> EXERCISE PROMPT:
Below are the records; print them again exactly and omit the pictures.

> PROVIDED RECORDS:
════════

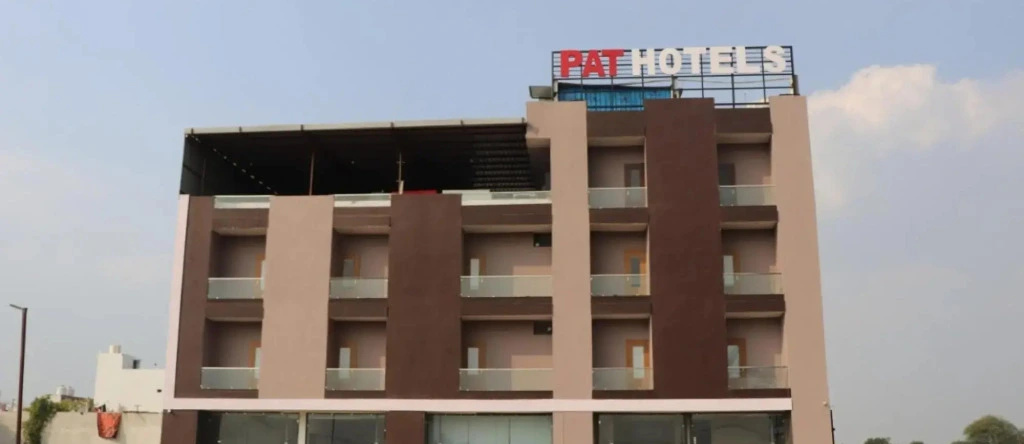 Goroomgo Pat Village Inn Indore, Др. Амбедкар Нагар — фото 1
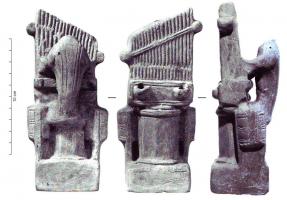 LMP-4814 - Lampe plastique : Joueur d'orgue
terre cuite
TPQ : 175 - TAQ : 250
Lampe plastique à deux becs en forme de joueur d'orgue (probablement un singe).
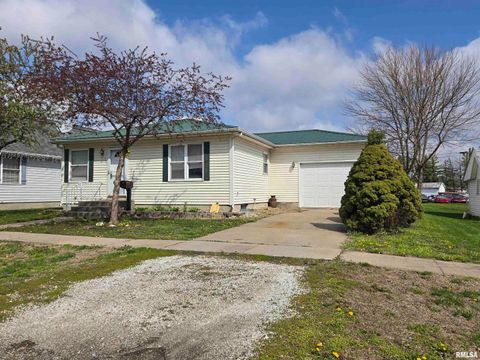 Photo of 317 MECHANIC Street, Mt Sterling, IL 62353 (MLS # QC4262186)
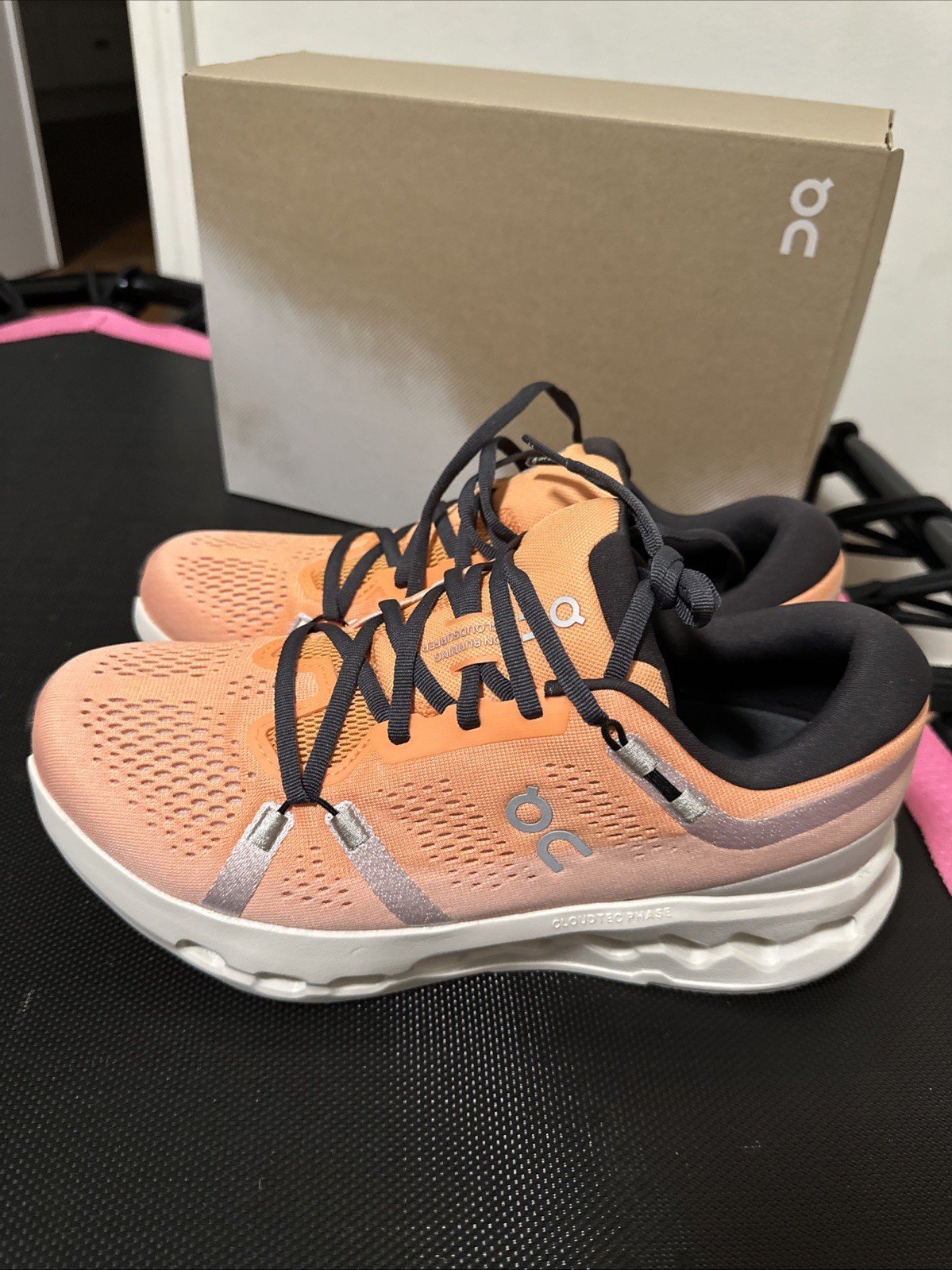 New Size 9-9.5 Men's On Cloudsurfer 2 Running Shoes Tangerine/Ivory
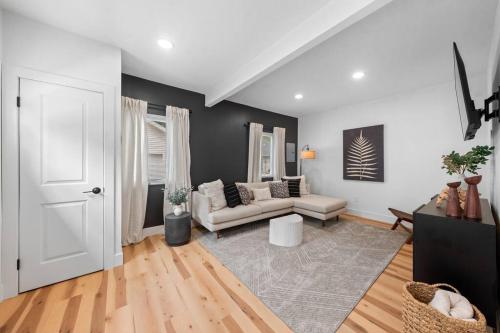 Charming Home in Cleveland 3219 — 4-Star Luxury Hotel in Brooklyn, United States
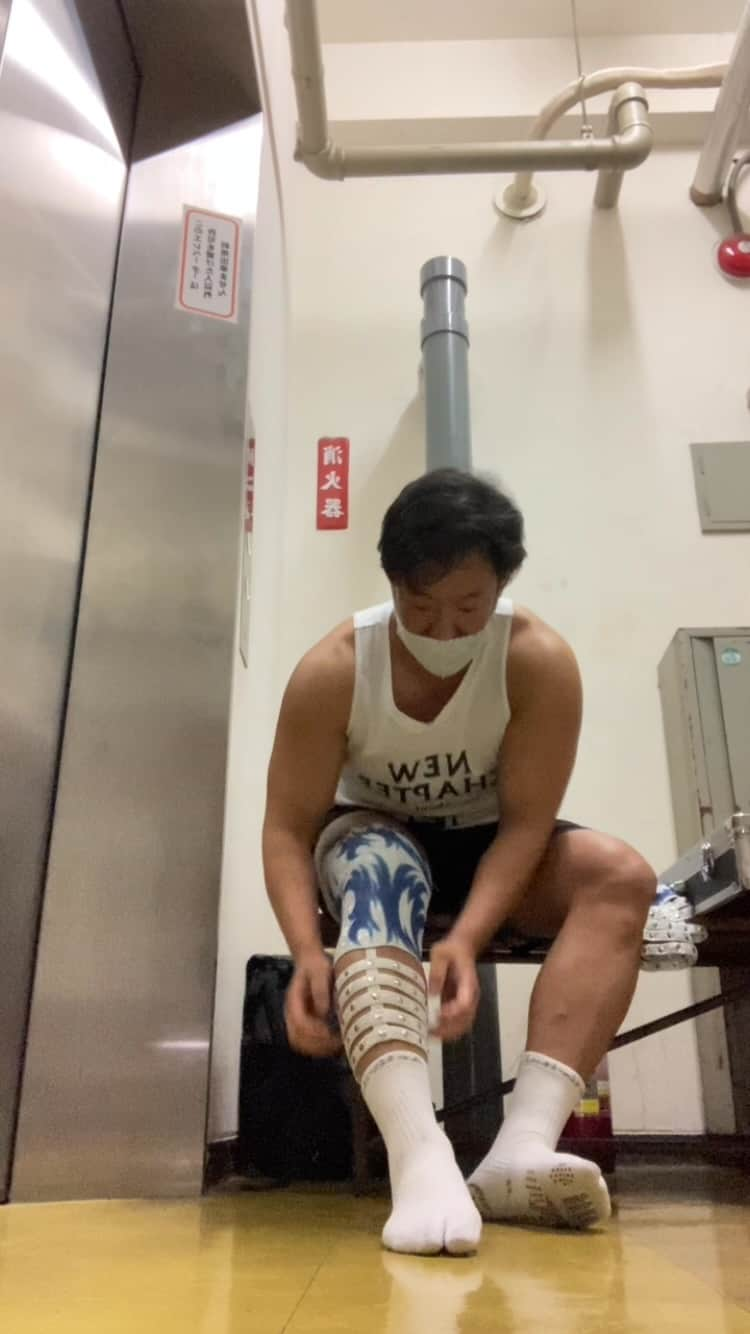 原田大輔のインスタグラム：「.  こんな感じで着替えてました！  #noah_ghc #STAYALIVE #rvddw #activital  #無音」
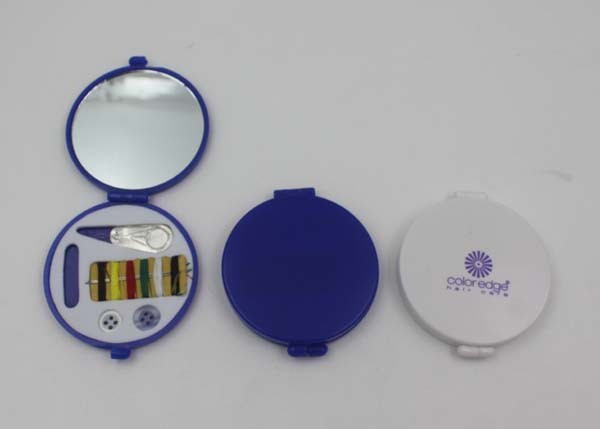 Custom Logo Travel Size Mini Sewing Kit With Thread , Buttons , Needles , Pin
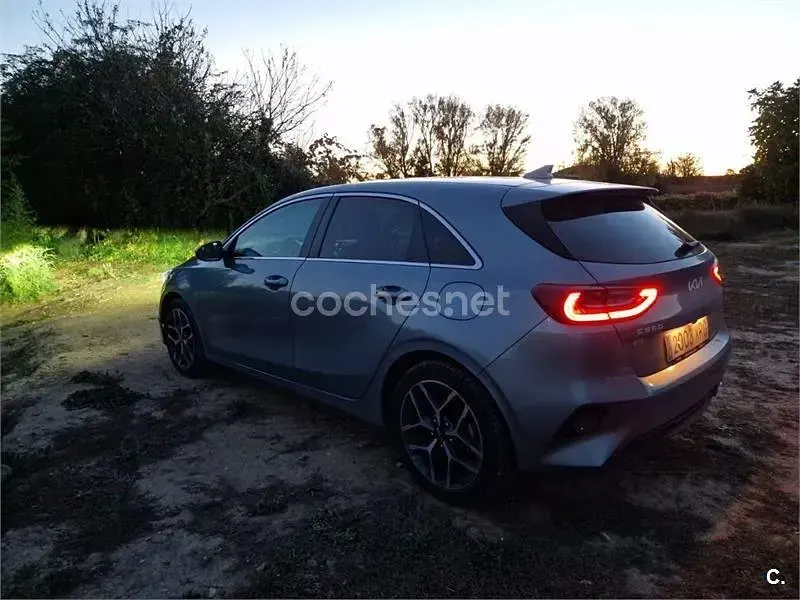 Usado Kia Ceed 136 CV (100 kW) 2024 Gris / plata Utilitario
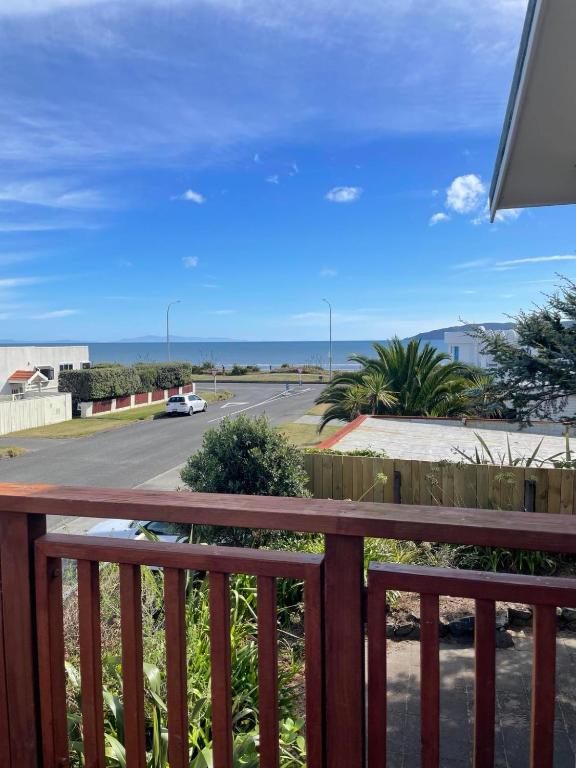 Beach House with an oceanview! - B&B Paraparaumu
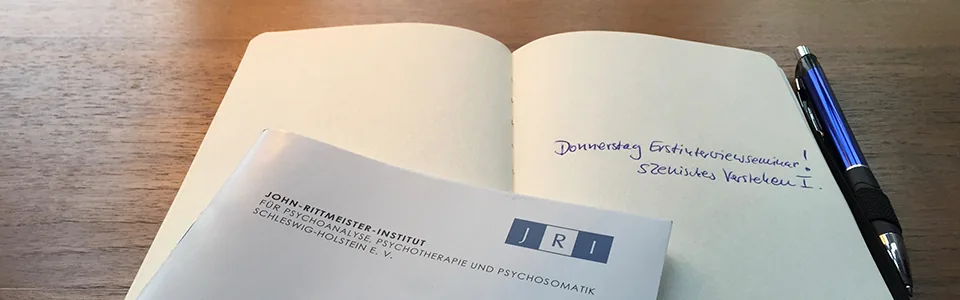Notizbuch mit Seminarnotizen und Programmheft des John-Rittmeister-Instituts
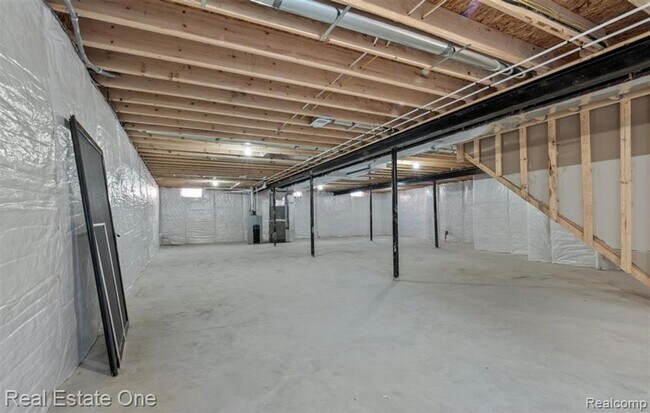 Building Photo - 5636 Paris St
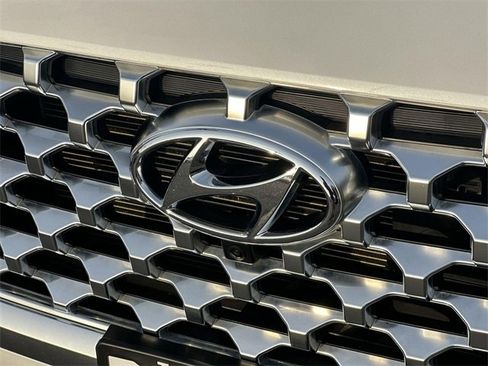 Used 2023 Hyundai Santa Fe Limited image 31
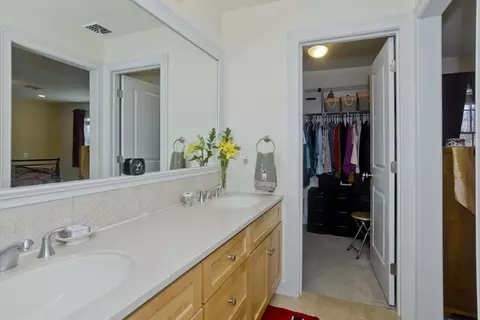 208 Pine St #33, Amherst, MA 01002 photo 29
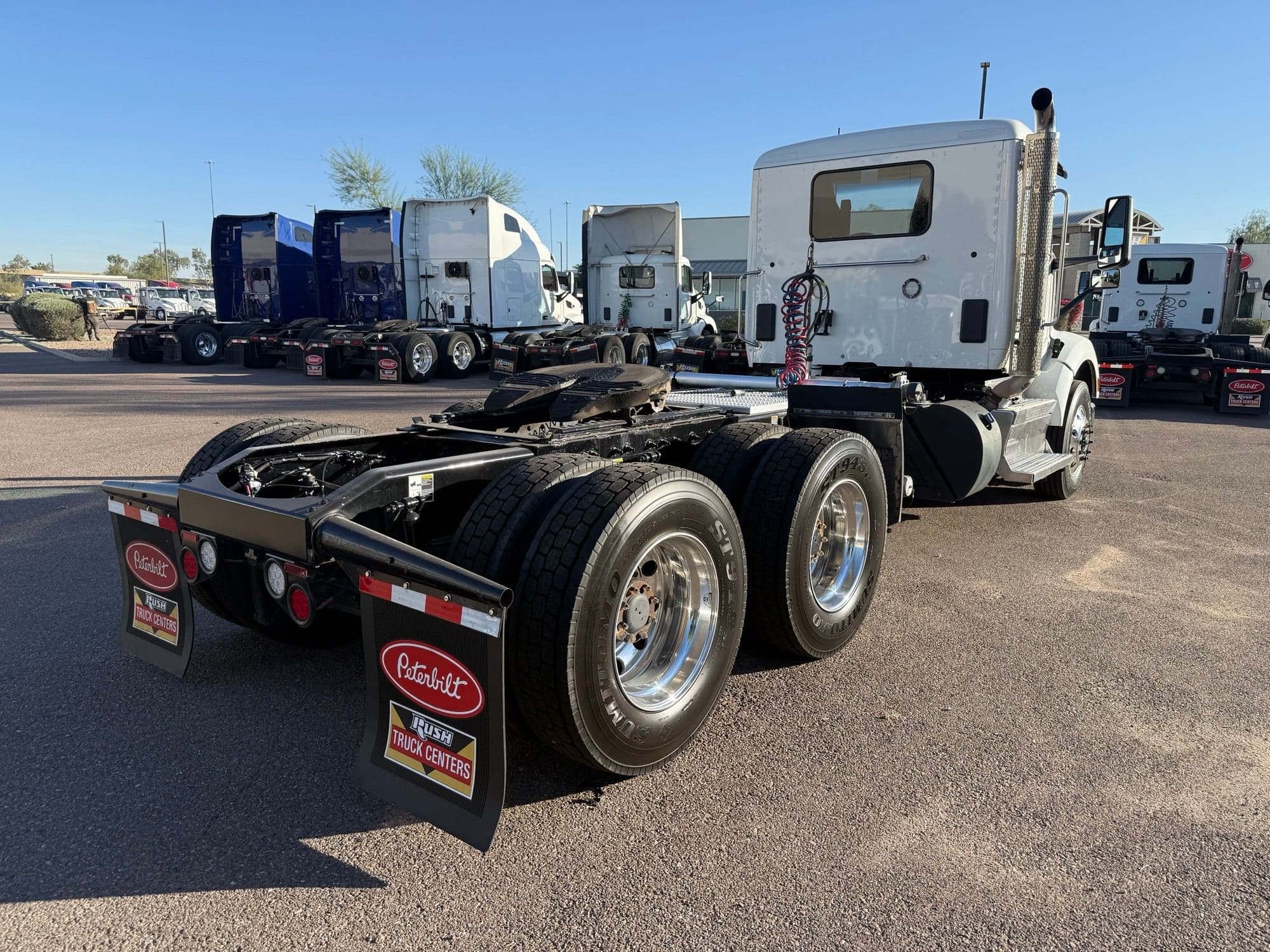 2023 Peterbilt 579 image 4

════════

> SOLUTION TO THE EXERCISE:
 Goroomgo Pat Village Inn Indore, Др. Амбедкар Нагар — фото 1
 LMP-4814 - Lampe plastique : Joueur d'orgue
terre cuite
TPQ : 175 - TAQ : 250
Lampe plastique à deux becs en forme de joueur d'orgue (probablement un singe).
 Photo of 317 MECHANIC Street, Mt Sterling, IL 62353 (MLS # QC4262186)
 New Size 9-9.5 Men's On Cloudsurfer 2 Running Shoes Tangerine/Ivory
 Charming Home in Cleveland 3219 — 4-Star Luxury Hotel in Brooklyn, United States
 原田大輔のインスタグラム：「.  こんな感じで着替えてました！  #noah_ghc #STAYALIVE #rvddw #activital  #無音」
 Custom Logo Travel Size Mini Sewing Kit With Thread , Buttons , Needles , Pin
 Usado Kia Ceed 136 CV (100 kW) 2024 Gris / plata Utilitario
 Beach House with an oceanview! - B&B Paraparaumu
Notizbuch mit Seminarnotizen und Programmheft des John-Rittmeister-Instituts
 Building Photo - 5636 Paris St
 Used 2023 Hyundai Santa Fe Limited image 31
 208 Pine St #33, Amherst, MA 01002 photo 29
 2023 Peterbilt 579 image 4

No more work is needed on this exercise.